The interdisciplinary option provides students with the flexibility to design an intellectually coherent academic program that combines their physics studies with training in fields such as applied science, biological science, geoscience, environmental science, computational science, and mathematics. This option prepares students for diverse career paths and can serve as an underpinning for related interdisciplinary graduate studies. It has fewer course requirements within the Physics Department and additional elective requirements chosen from courses offered in other departments. We invite students interested in this option to work with a faculty member to craft an individualized route to the physics major.
Students choosing the Interdisciplinary Option can also take advantage of the opportunity to cross-register for courses at Olin College of Engineering and at MIT. A key element in the design of this route to the physics major is that it should form a coordinated program of study that draws on and relates to a student’s physics background. Please note that the college offers Interdepartmental majors in Astrophysics and in Chemical Physics; these majors are distinct from the Physics Interdisciplinary Option.

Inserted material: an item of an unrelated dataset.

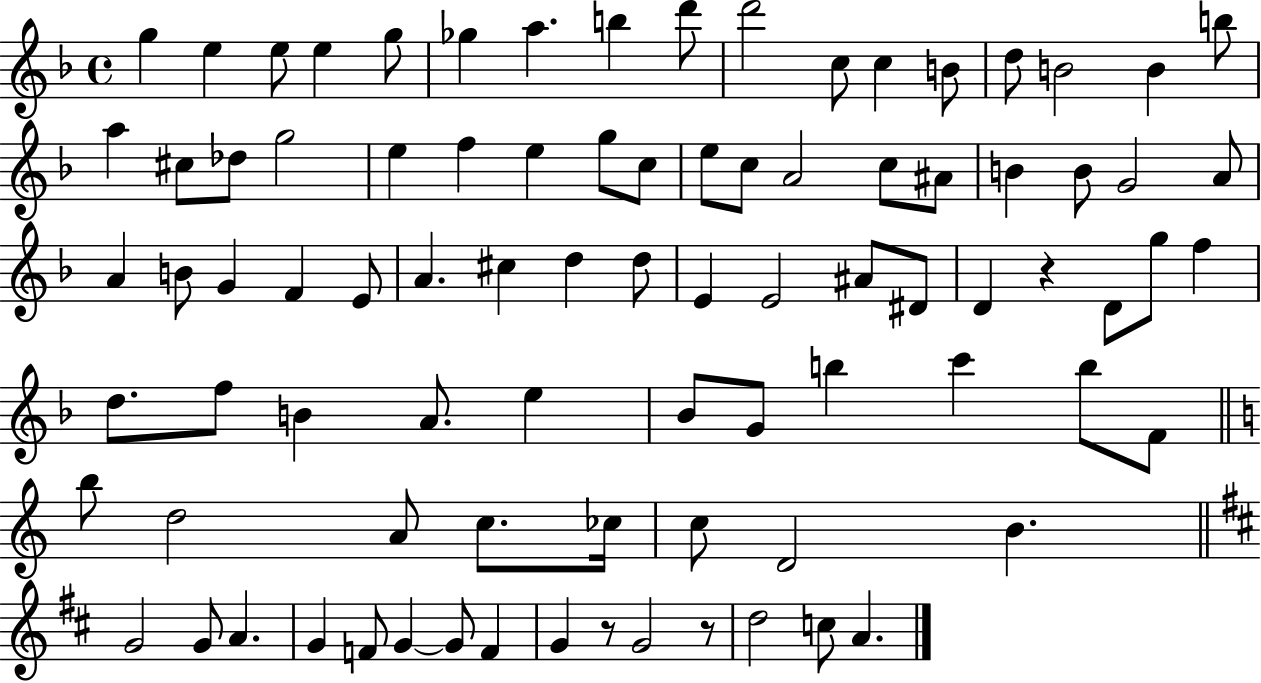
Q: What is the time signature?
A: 4/4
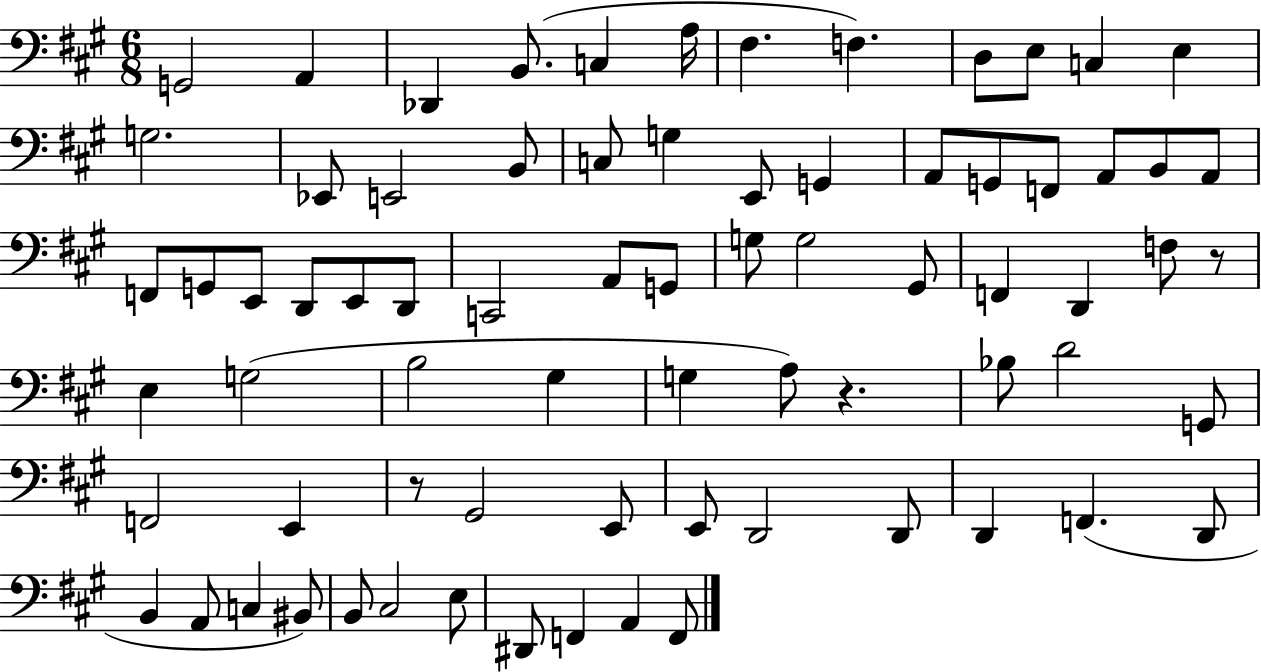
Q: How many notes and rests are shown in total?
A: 74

There are multiple possibilities in the design of the Interdisciplinary Option; major requirements will be tailored to each student’s interests within the framework described below.
Requirements for the Interdisciplinary Option
The Interdisciplinary Option within the Physics major will normally include
- PHYS 107, PHYS 108, PHYS 202, PHYS 207, MATH 215, PHYS 216;
- three 300-level courses from among PHYS 302, PHYS 305, PHYS 310, and PHYS 314, normally including PHYS 314, chosen to support and complement coursework described in (3). Two 300-level physics courses will satisfy this requirement if the courses chosen in (3) include quantitative work at a level commensurate with a 300-level physics course.
- a coherent set of four courses chosen from another scientific discipline. After consultation with a Physics Department faculty member, each student intending to complete the Interdisciplinary Option will submit a written rationale for her proposed coursework that explains the intellectual unity of her academic plan, and that academic plan must be approved by the department. Appropriate coursework at Olin and MIT may be substituted for Wellesley coursework.
While the number of physics courses required for the Interdisciplinary Option is one (or possibly two) less than the number required for the standard physics major, the total number of required courses (including courses taken outside the department) is greater. Careful planning in consultation with the Physics Department is necessary; we recommend that students have a well-crafted academic plan by the Fall semester of their sophomore year. Sample curricula for biophysics, applied physics, geophysics, computational physics, mathematical physics, and environmental physics are available here.
Students interested in graduate programs in physics (as opposed to graduate programs in applied physics, other science disciplines, and engineering) are strongly recommended to complete all four of the department’s required 300-level courses plus PHYS 320.